### Required action
Give the lines again exactly as they appear below, from the line with "If you have an" to the line with "In the CT image", both included, and only those lines. Leave every picture out.

### Material for this exercise

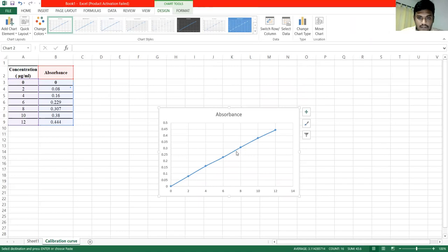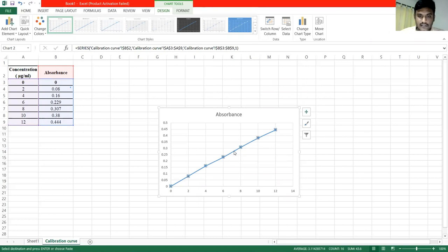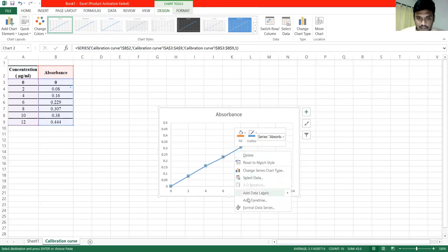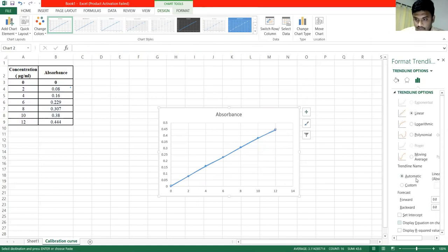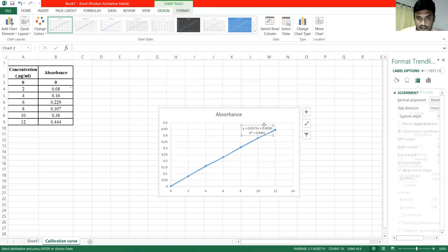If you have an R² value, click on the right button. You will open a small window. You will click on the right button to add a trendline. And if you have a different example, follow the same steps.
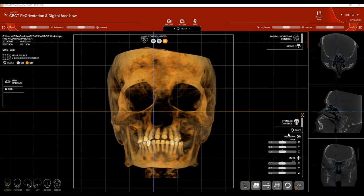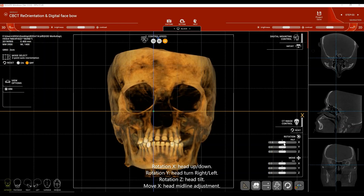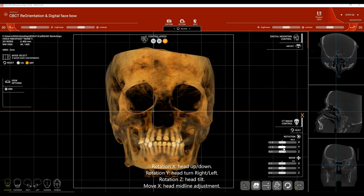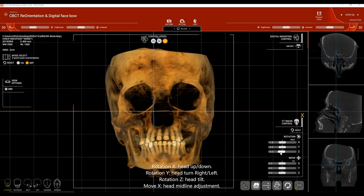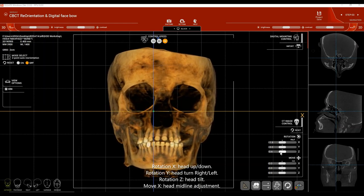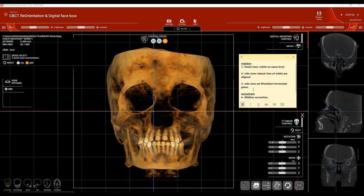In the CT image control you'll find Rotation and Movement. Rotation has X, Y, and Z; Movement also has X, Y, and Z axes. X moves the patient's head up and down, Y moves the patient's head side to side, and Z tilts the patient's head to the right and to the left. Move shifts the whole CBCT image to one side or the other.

...

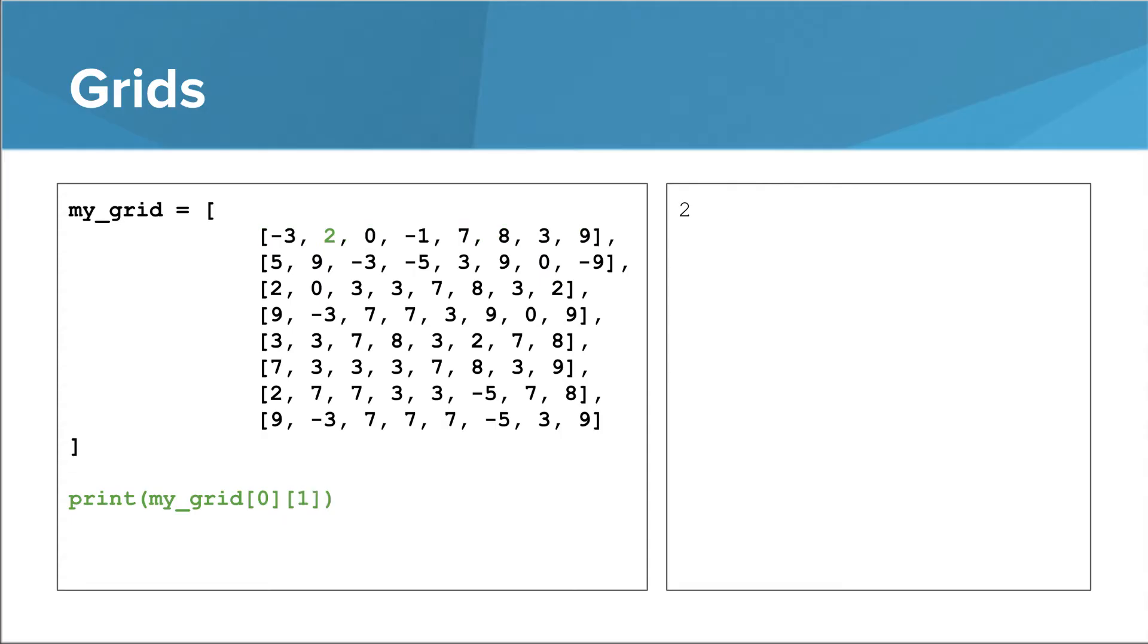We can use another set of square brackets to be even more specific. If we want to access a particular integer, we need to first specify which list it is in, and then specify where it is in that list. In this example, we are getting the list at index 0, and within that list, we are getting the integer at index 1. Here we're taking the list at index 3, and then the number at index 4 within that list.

### Reply
If you have an R² value, click on the right button. You will open a small window. You will click on the right button to add a trendline. And if you have a different example, follow the same steps.
In the CT image control you'll find Rotation and Movement. Rotation has X, Y, and Z; Movement also has X, Y, and Z axes. X moves the patient's head up and down, Y moves the patient's head side to side, and Z tilts the patient's head to the right and to the left. Move shifts the whole CBCT image to one side or the other.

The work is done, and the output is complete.